Bugs lead banks to approve fake EMV transactions

Fake transactions from Brazil take advantage of implementation errors to approve what appear to be chip card purchases without the PIN. Hint to banks: It's "Chip AND PIN," not OR.

Investigative reporter Brian Krebs reports this morning on a series of fraudulent credit card transactions from Brazil which take an odd approach to abuse implementation bugs in bank support for EMV (EuroPay/MasterCard/Visa) cards, also known as "Chip and PIN."

EMV is a standard, long in use in Europe, for payment cards with embedded cryptoprocessors which, in combination with a numeric PIN code, cryptographically prove that the purchaser both possesses the card and knows the PIN. The system is designed to replace the conventional and familiar mag stripe cards that have proven all too-easy to abuse. EMV is just now being rolled out in the US but should be widely-deployed over the next couple of years, both for credit and debit cards, under mandates from MasterCard and Visa.

The really odd thing about this attack is that the cards that were used in the transactions were not EMV cards; the banks involved ("at least three U.S. financial institutions" according to Krebs) hadn't even begun issuing EMV cards.

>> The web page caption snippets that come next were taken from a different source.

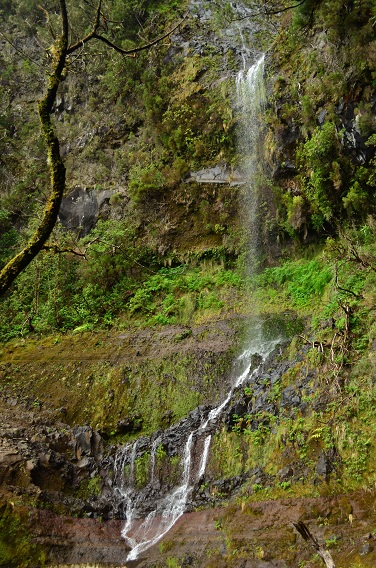DSC_0906.JPG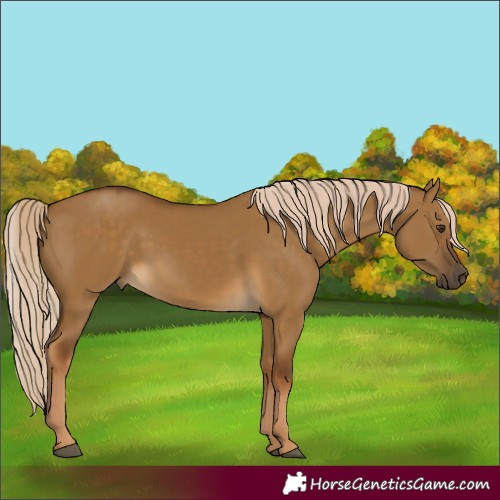 Horse Color:Chocolate Palomino Dun 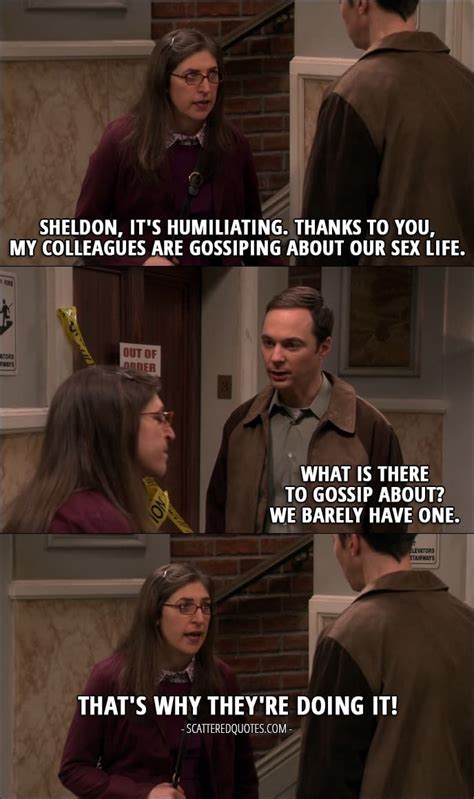 14 Best The Big Bang Theory Quotes From The Allowance Evaporation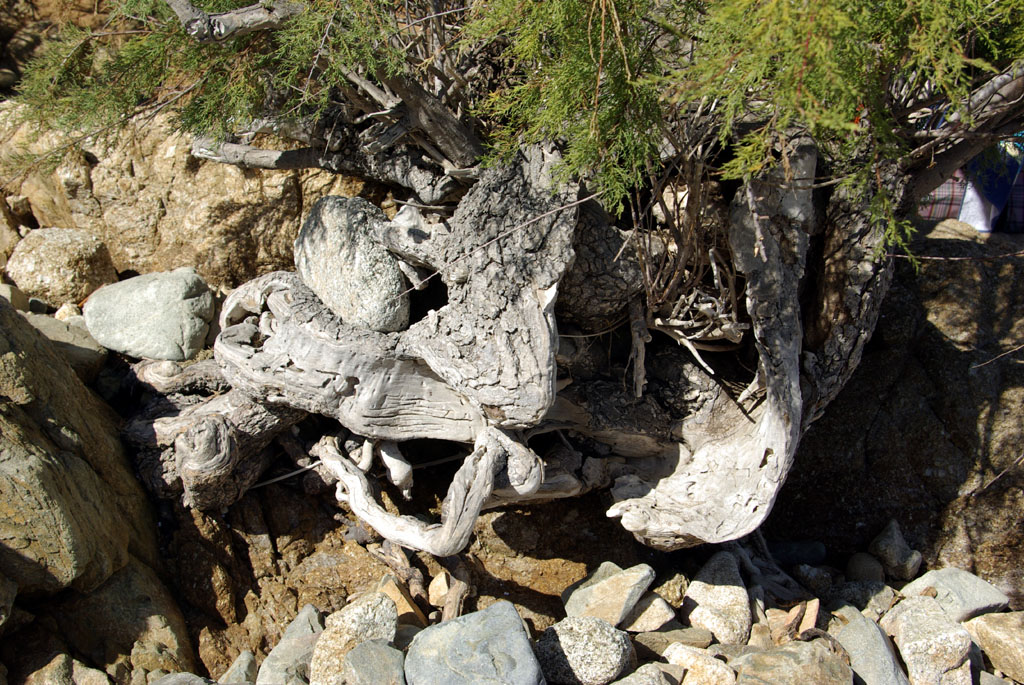 Attaccati "per la vita"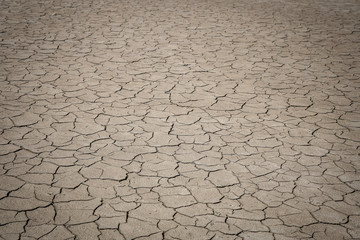 Crack soil on dry season.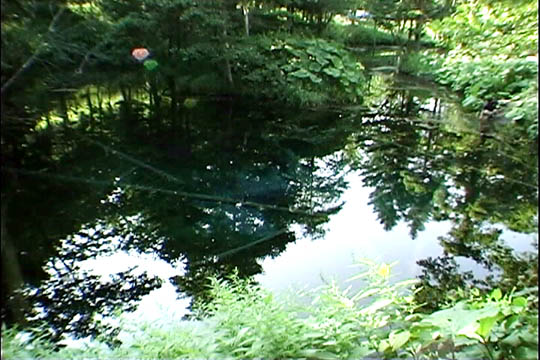 clip0011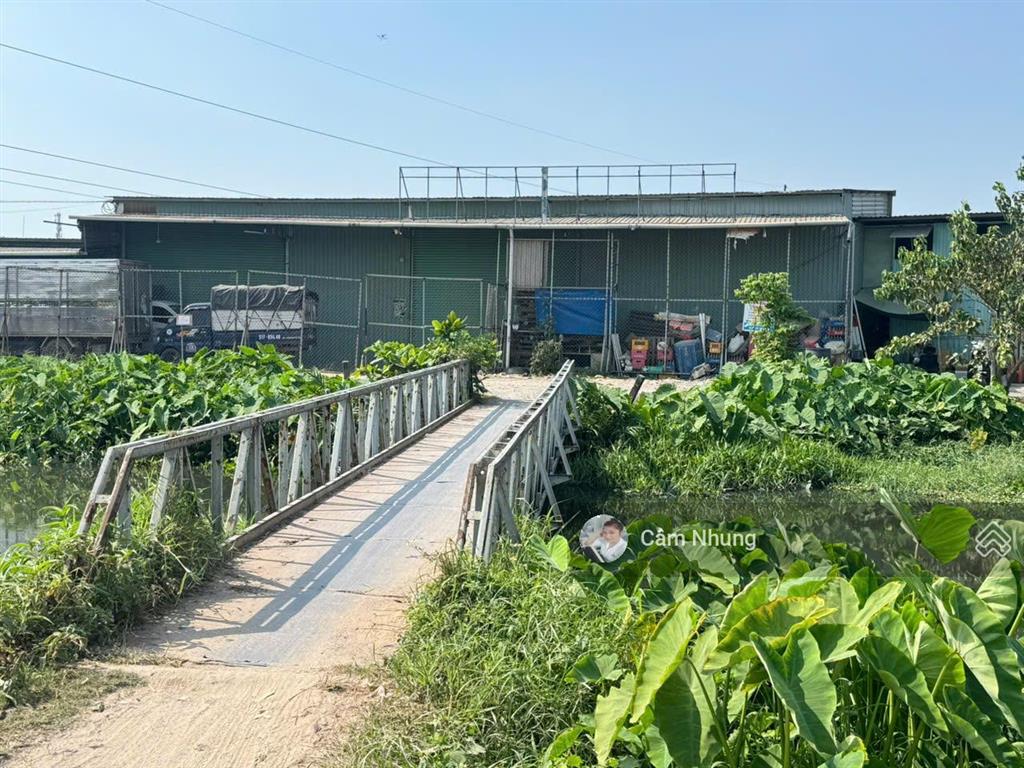 Bán nhà cấp 4 mặt view sông diện tích 494m² bình hòa 3, ta  bd, giá 4tỷ5,  0908 002 ***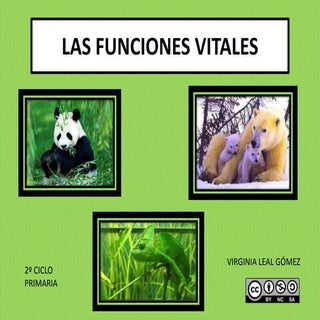 Las funciones vitales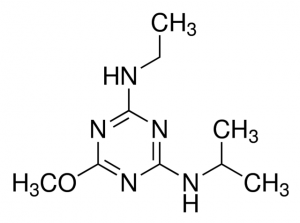 Atraton 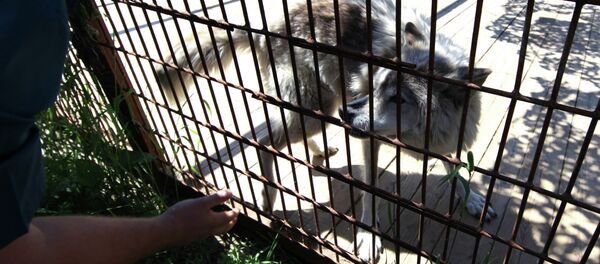 Волк. Архивное фото - Sputnik Кыргызстан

The transactions were submitted through Visa and MasterCard as EMV transactions without a PIN, and yet they were honored. The experts with whom Krebs spoke suspect that the thieves had control of a payment terminal and were able to manipulate fields in the transactions.

Most of the cards involved were ones compromised in  the recent Home Depot breach . Krebs spoke with a fraud expert at one of the banks involved. They had few enough cards breached at Home Depot that they didn't do a mass-reissue.

As Krebs says, but I think understates, there are many ways that the banks, processors, MasterCard and VISA could have determined that these transactions were fraudulent, but they didn't. One bank was not checking the validity of the cryptographic data. If a transaction was submitted without a PIN code they just honored it.

It's hard to have anything but contempt for such banks. Doing cryptography is, as Krebs says, hard. But EMV has been long-coming and credit/debit card fraud is hardly a new problem. From the description of events, it sounds as if little or no effort was put into implementing the system correctly. I also have to wonder how cards known to have been breached at Home Depot were still allowed to perform transactions, let alone from Brazil.

I can only hope that the people who take the hit for such fraud are the ones responsible for the lazy and naive decisions that led to it. It also just goes to prove the old truism that security is always a secondary consideration to keeping the business going at full-speed.